**TASK GOAL**
Could the lines from the line bearing "رجل يحول طائرة خاصة إلى فيلا فاخرة" to the end of the records below be copied exactly, with the pictures left out and no other lines added?

Records excerpted from a collection

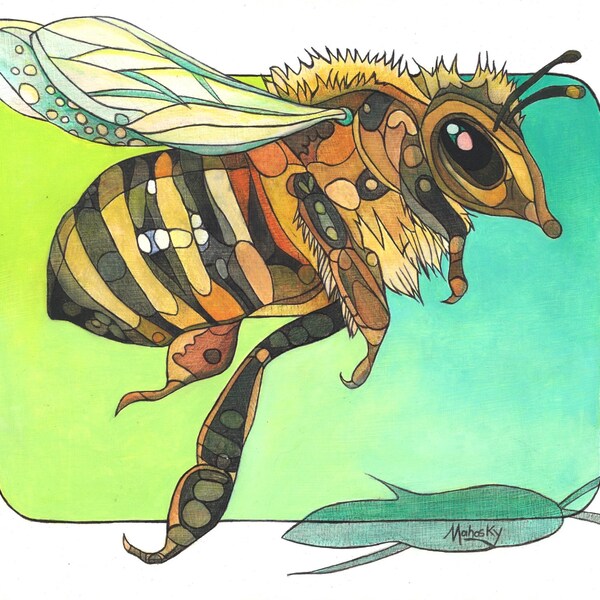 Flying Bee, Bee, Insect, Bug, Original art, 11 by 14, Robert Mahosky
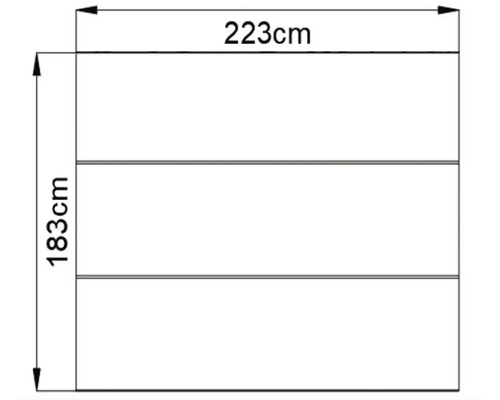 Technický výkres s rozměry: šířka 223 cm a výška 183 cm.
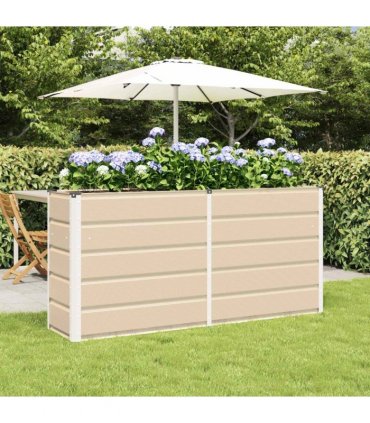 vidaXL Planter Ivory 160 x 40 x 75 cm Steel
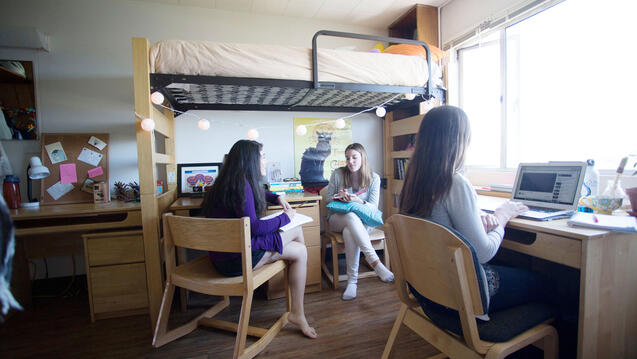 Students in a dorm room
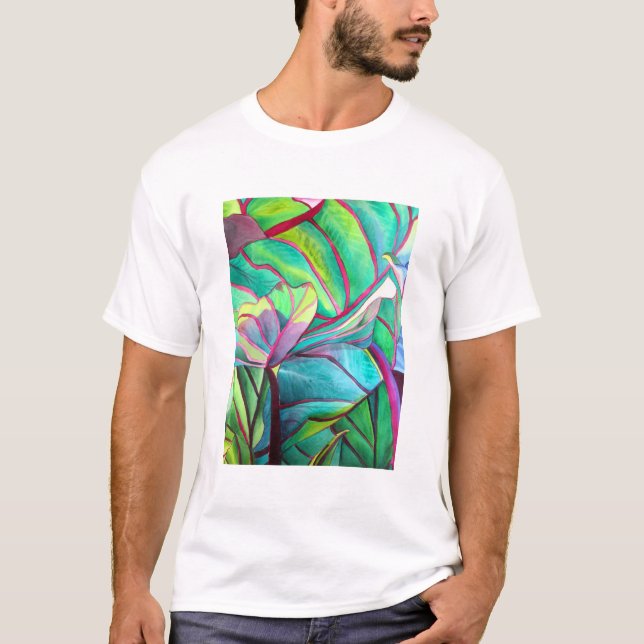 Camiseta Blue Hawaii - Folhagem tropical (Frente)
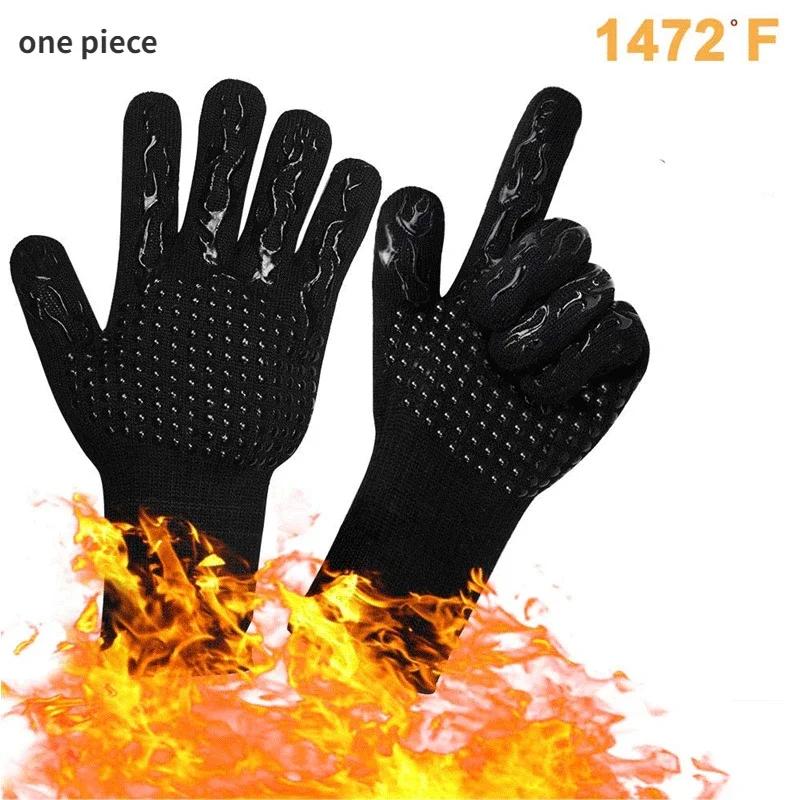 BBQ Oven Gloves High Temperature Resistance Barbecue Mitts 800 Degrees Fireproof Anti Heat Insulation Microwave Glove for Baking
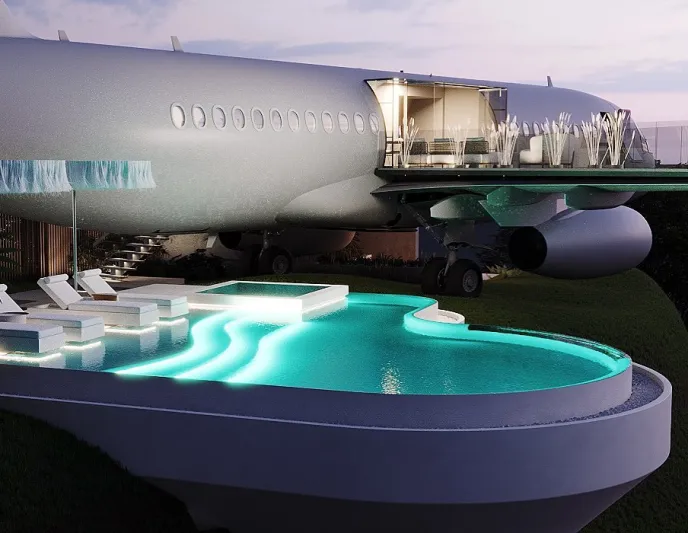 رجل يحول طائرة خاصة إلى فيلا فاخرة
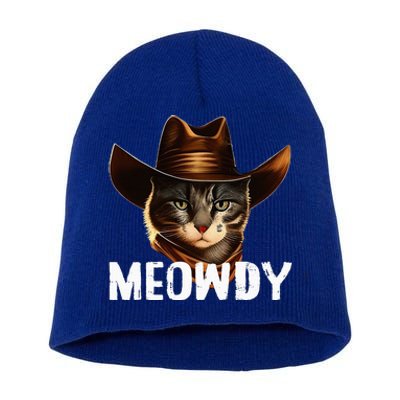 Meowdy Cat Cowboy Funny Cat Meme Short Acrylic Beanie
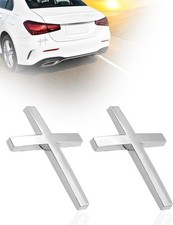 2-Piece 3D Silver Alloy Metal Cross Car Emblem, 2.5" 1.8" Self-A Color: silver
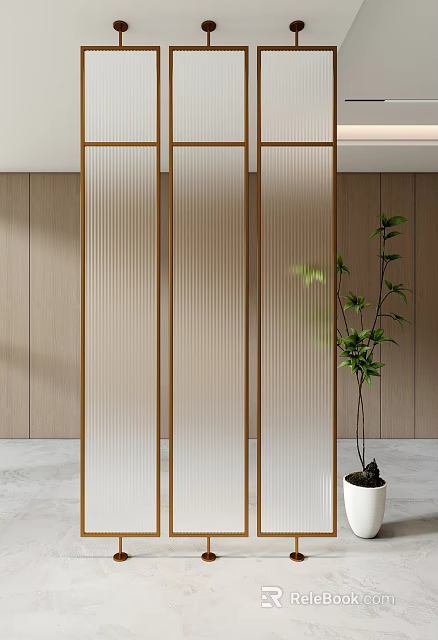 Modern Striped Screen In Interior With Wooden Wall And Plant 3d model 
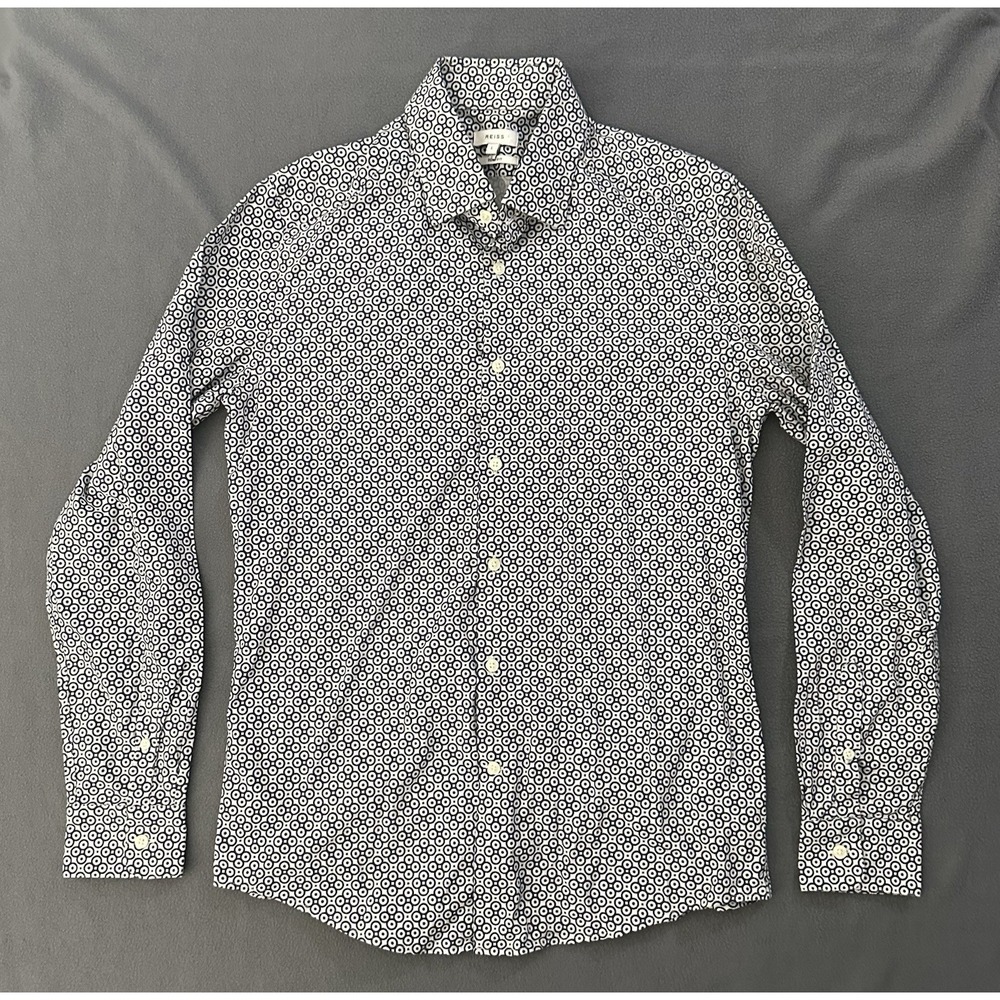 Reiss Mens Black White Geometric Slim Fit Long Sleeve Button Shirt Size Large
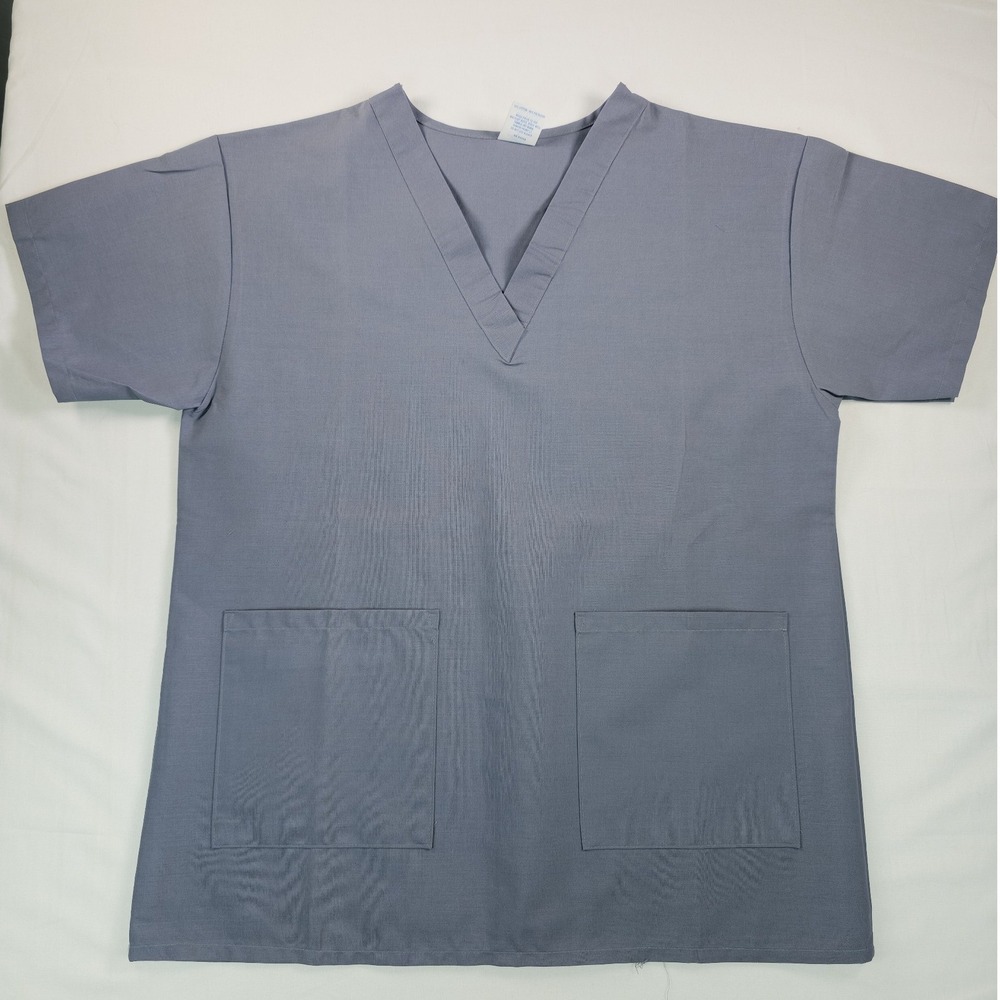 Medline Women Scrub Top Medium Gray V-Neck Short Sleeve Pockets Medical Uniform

**OUTPUT**
 رجل يحول طائرة خاصة إلى فيلا فاخرة
 Meowdy Cat Cowboy Funny Cat Meme Short Acrylic Beanie
 2-Piece 3D Silver Alloy Metal Cross Car Emblem, 2.5" 1.8" Self-A Color: silver
 Modern Striped Screen In Interior With Wooden Wall And Plant 3d model 
 Reiss Mens Black White Geometric Slim Fit Long Sleeve Button Shirt Size Large
 Medline Women Scrub Top Medium Gray V-Neck Short Sleeve Pockets Medical Uniform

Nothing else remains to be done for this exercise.